The detainee is shown to the deeply cushioned easy chair while the interrogator and translator sit across a coffee table from him in two simpler seats.
An oriental-style carpet covers the floor of a typical interrogation cell. A television set, a coffee maker and a small refrigerator complete the welcoming image.
Not all traces of prison life have been erased. Padding covers portions of the cell wall to absorb sound, and a steel ring is set in the floor in front of the detainees' seat to which he is always cuffed.
A buzzer is located on the wall just behind the interrogator in case of trouble.
A detainee may be questioned three or four times a week, usually by the same interrogator. So they can get quite close over time, the military official said.
Interrogators sometimes bring McDonalds hamburgers or other fast food as treats.

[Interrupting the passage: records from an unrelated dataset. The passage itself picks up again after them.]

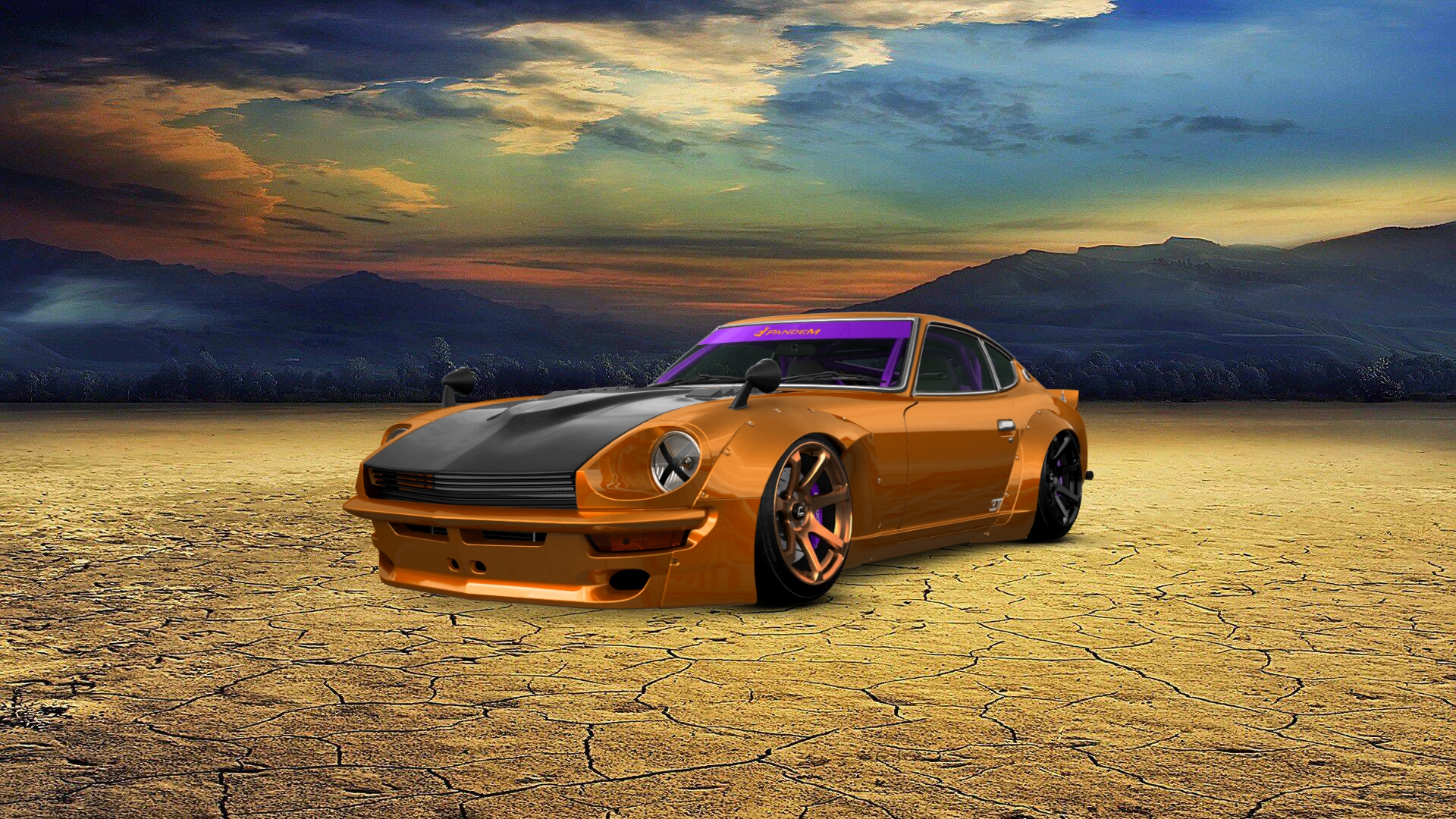 Nissan Fairlady 240Z 3 Door Coupe 1969 Images
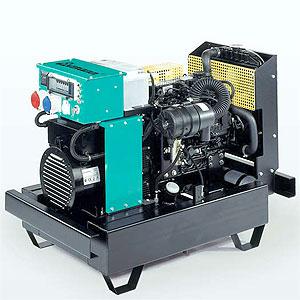 Дизельный генератор Eisemann P 15010DE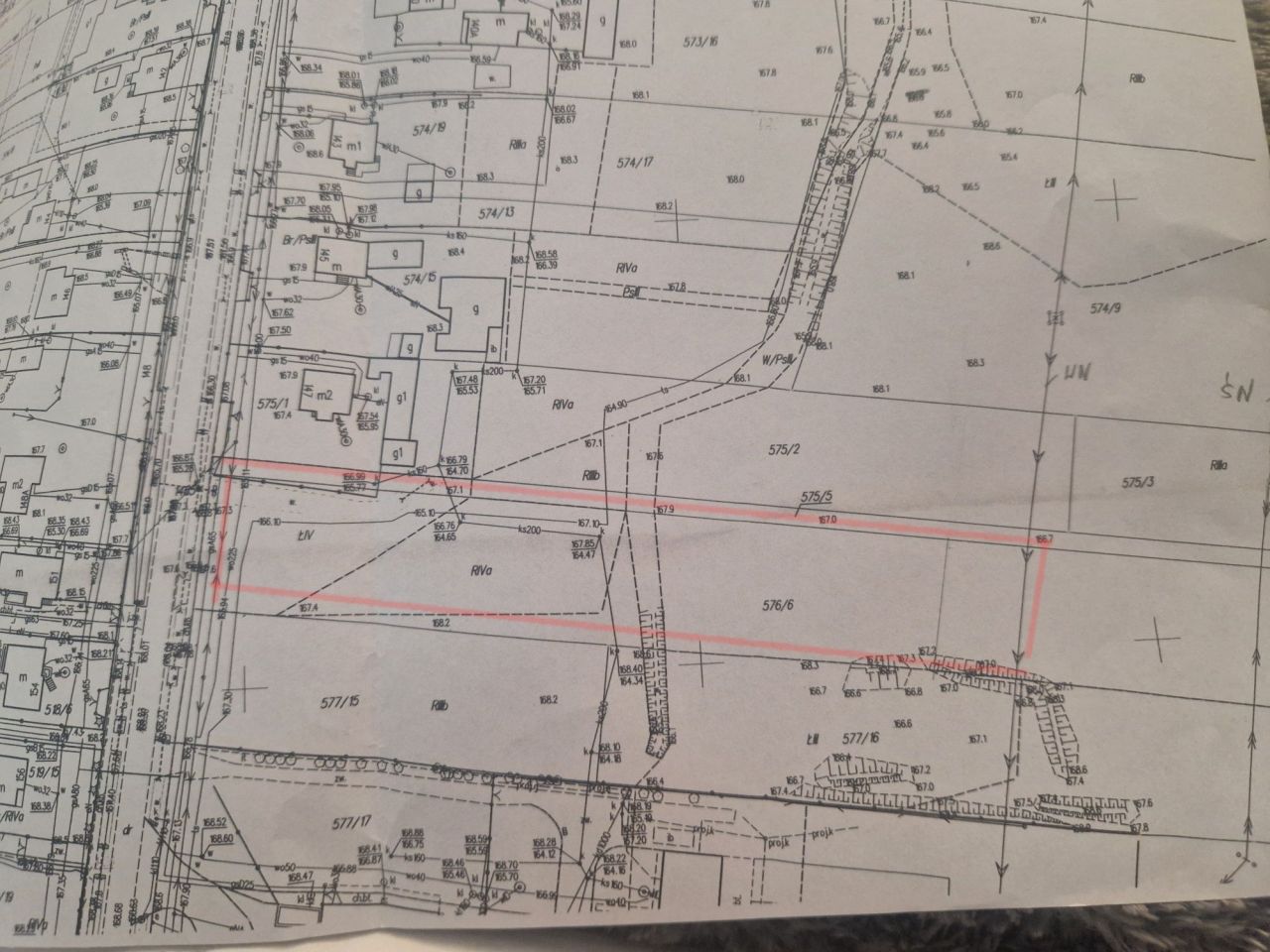 Działka rolno-budowlana Wola Mielecka. Zdjęcie 1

"That brings them a lot of joy," said the official, who like others here do not allow their names to be used.
"They'll share a meal with the interrogator and the linguist. They'll discuss things. They'll be very jovial, you'll hear a lot of laughing."
"And sometimes they'll be more serious and somber and distant. It all depends on the actual person that is being interrogated."
The detainee observed by the reporters remained subdued for most of the time except for brief moments when he appeared to blurt out a few words, then sinking back into himself.
A substantial portion of the prisoners at Guantanamo, most of whom have been here since early 2002, have refused to interrogated, the official said.
"Some of them go to the interrogation room, sit down, look at the floor and never say a word," he said.